Dainte desses fatos, objetiva-se, ainda, trazer à reflexão possíveis consequências negativas de ações projetuais cujas estratégias seguem ou estabelecem objetivos rígidos e despersonalizados – sem critérios temporais, subjetivos, psicológicos, ecológicos nem situacionais. O que confere a singularidade do individuo e o que o faz pertencer à sua espécie, sob a percepção do próprio sujeito? Será que a perda contínua das características naturais de seu Habitat e ecossistema, criam discrepâncias significativas em seu estado pscicológico, a ponto de distorcer – para minimizar seu sofrimento – a realidade e, assim, dificultar o reconhecimento da sua espécie e de seu propósito integrado ao seu ser social, humano? Seria a autorregulação inconscientemente priorizada em relação às percepções socioambientais de aspectos relacionais, situacionais e interacionais? O quanto as espacialidades e a população idealizada para estas interferem nos estados psciológicos – nos estados de presença, de consciência e na autorregulação – dos indivíduos em real afetação?


A visão de um espaço enquanto sócio-espaço determina que o capital e seus novos mecanismos de expansão irão impor causalidades no modo de vida, organização, trabalho, modo de produção, das pessoas e instituições ao redor do globo. (GEBARA, 2023:14)

Para adentrar objetivos mais específicos, se levantam questões a serem indagadas a partir dos dados documentais coletados, incitando reflexões exploratórias aos assuntos. Numa sequência de níveis de análises variados (e transdisciplinares), ora sob aspectos neuropsicológicos relativas aos afetos e à sociabilidade (comportamento humano), ora sob aspectos das percepções senso-espaciais relativas às construções humanas (responsabilizadas pela degradação do meio ambiente e mal-estar coletivo quando mal planejadas, projetadas).

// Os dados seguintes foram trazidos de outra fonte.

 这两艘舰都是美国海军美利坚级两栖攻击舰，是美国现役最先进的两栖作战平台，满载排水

Terão as espacialidades (e os estímulos ambientais) relação com o favorecimento desses transtornos mentais? E a falta de cuidado com a identidade psico-socioambiental e a integridade pessoa-ambiente-ecológico em concepções espaciais diante de uma priorização de demandas instantâneas e competitivas entre pares?

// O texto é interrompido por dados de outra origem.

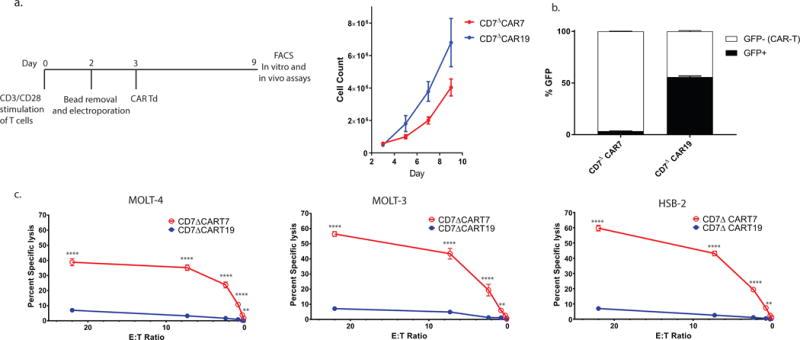 https://cdn.ncbi.nlm.nih.gov/pmc/blobs/e3cf/6102094/2ba41661370f/nihms939559f2.jpg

Esse modo agressivo de se relacionar com o mundo, é uma alienação com relação ao tempo. Ter que sempre cumprir uma lista de afazeres, que a cada dia cresce e se torna mais difícil, faz com que o tempo se torne assustador, dessincronizado. [...] O sujeito não se reconhece mais dentro de um sistema em que seus atos têm interferências. [...] Não existe mais relação comunitária do que é o coletivo de indivíduos que têm estratégias, desejam coisas semelhantes, vivenciam um sentimento de comunhão. (GEBARA, 2023:44)

Será a percepção fruto dos estímulos ambientais (naturais, implementados, acentuados ou minimizados) ou, também, da presença, qualidade e balanceamento das relações vitais intra e interespécie (autorregulação do sujeito)? A ação imediata (intervenção), sem processamento dos diversos níveis de análises, nem participação existencial e colaborativa dos afetados (e passíveis de afetação) não tende a propiciar situações de degradações futuras (do meio e do sujeito) pela falta de identidade e ameaça ao sentimento de pertencimento daqueles que convivem com a realidade da intervenção?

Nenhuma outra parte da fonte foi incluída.